◆ Brief
Retype, word for word, every line of the records below starting at the one that contains "Кухня та бар" and ending at the one that contains "Participants annual of"; include both of those lines and nothing more.
Start of Information
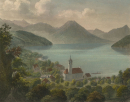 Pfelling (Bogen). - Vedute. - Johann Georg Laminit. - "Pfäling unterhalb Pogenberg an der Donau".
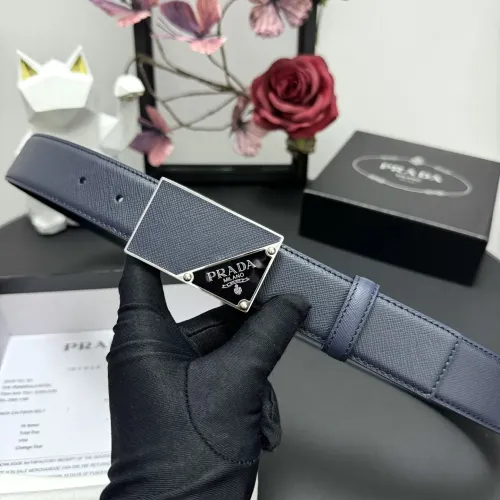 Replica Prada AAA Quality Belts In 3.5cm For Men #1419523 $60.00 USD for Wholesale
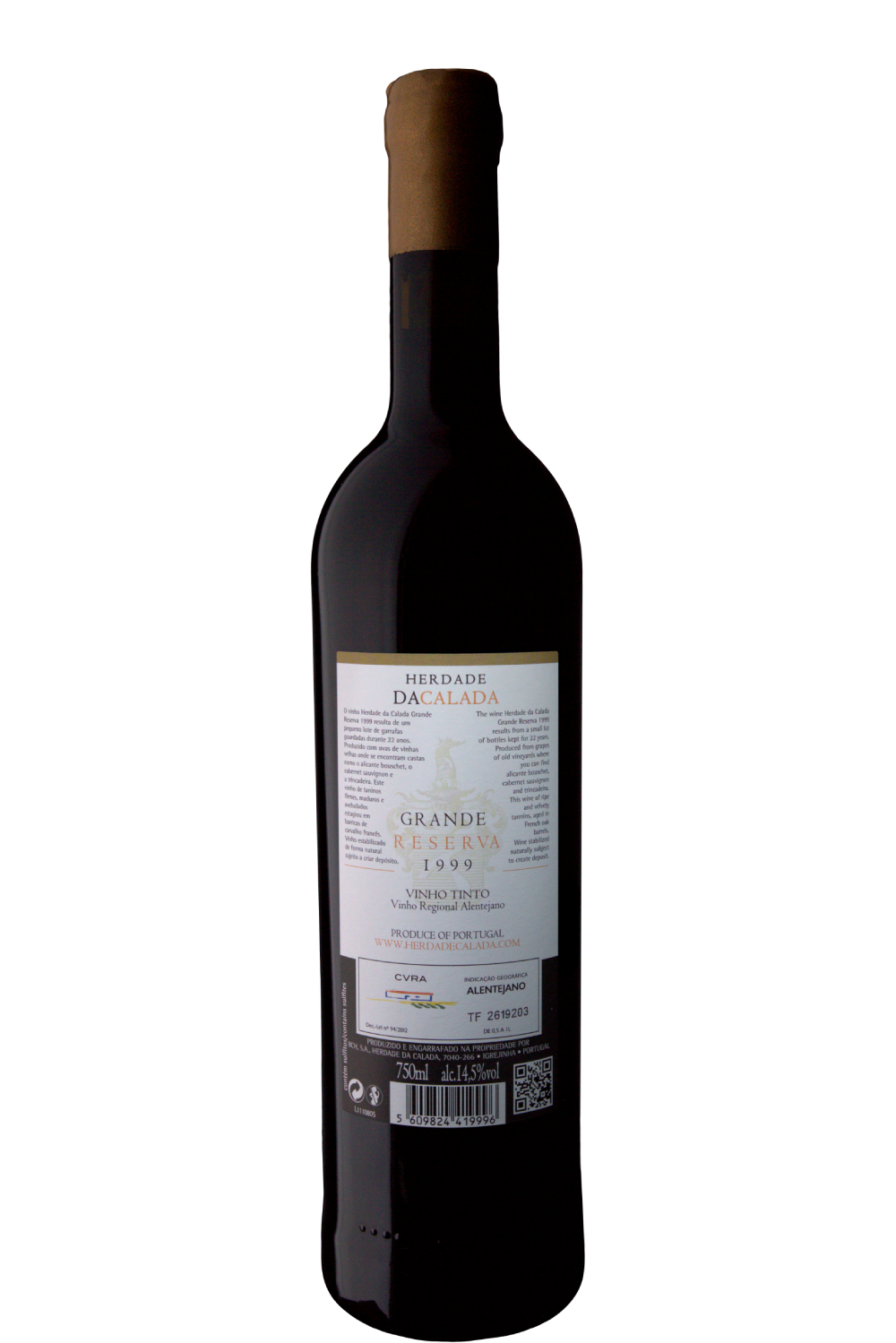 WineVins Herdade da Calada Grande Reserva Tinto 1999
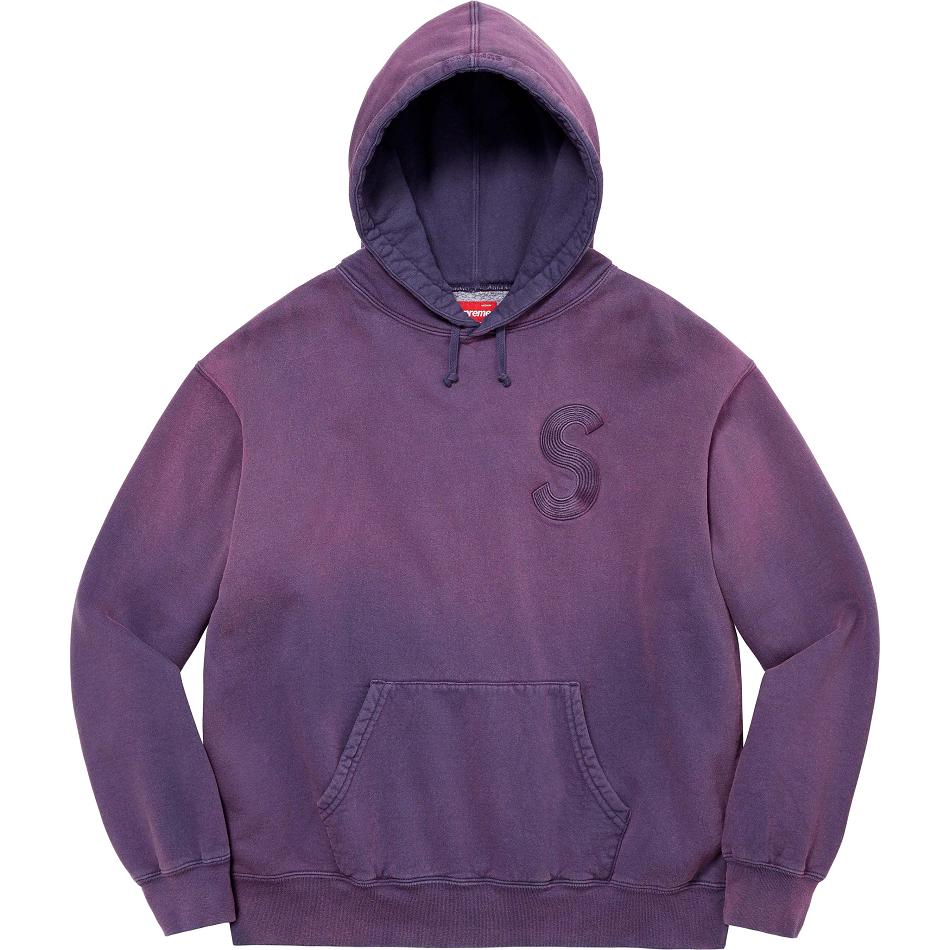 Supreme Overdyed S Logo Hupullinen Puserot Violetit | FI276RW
End of Information
Start of Information
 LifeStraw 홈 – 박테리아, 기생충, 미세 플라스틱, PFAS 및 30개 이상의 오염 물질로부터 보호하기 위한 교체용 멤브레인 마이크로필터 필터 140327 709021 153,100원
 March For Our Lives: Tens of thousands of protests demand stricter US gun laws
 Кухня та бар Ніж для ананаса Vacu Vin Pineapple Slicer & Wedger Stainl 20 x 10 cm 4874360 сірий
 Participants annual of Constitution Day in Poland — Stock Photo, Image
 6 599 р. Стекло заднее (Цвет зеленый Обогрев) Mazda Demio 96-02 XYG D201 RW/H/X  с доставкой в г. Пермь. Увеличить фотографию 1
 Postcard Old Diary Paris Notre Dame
End of Information
Start of Information
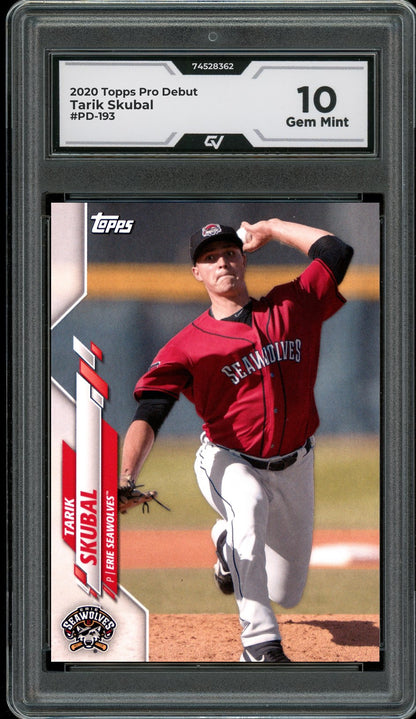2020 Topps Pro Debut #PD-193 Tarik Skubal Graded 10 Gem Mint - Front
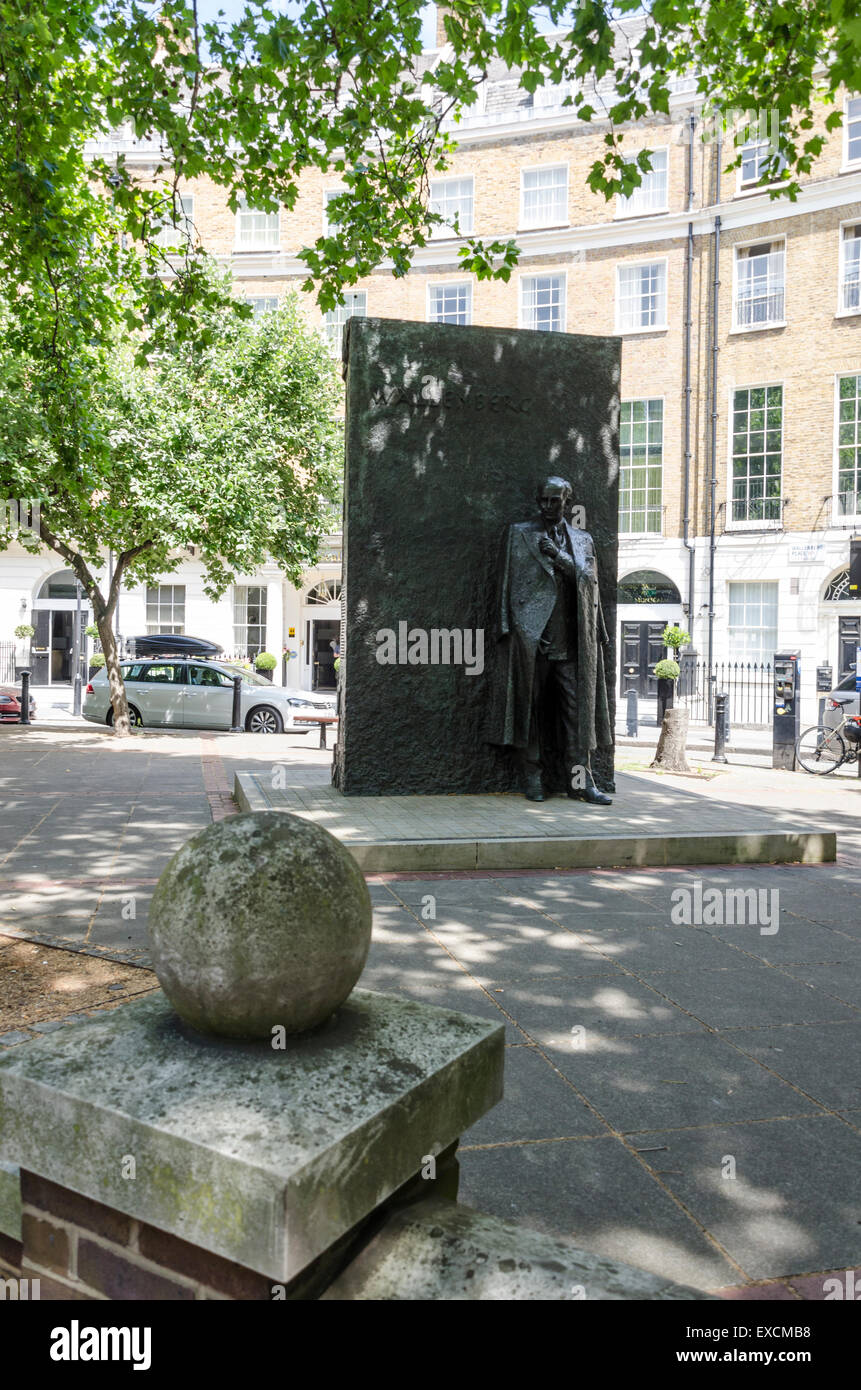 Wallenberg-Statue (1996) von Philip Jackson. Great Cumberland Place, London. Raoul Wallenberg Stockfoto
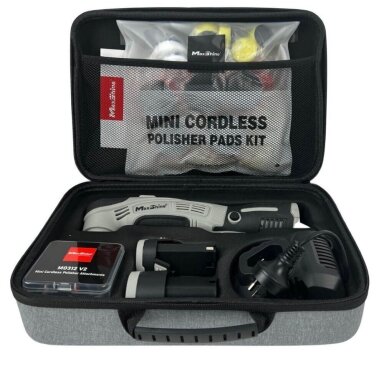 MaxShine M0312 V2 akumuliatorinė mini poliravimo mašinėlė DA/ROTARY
End of Information
◆ Solution to the exercise
 Кухня та бар Ніж для ананаса Vacu Vin Pineapple Slicer & Wedger Stainl 20 x 10 cm 4874360 сірий
 Participants annual of Constitution Day in Poland — Stock Photo, Image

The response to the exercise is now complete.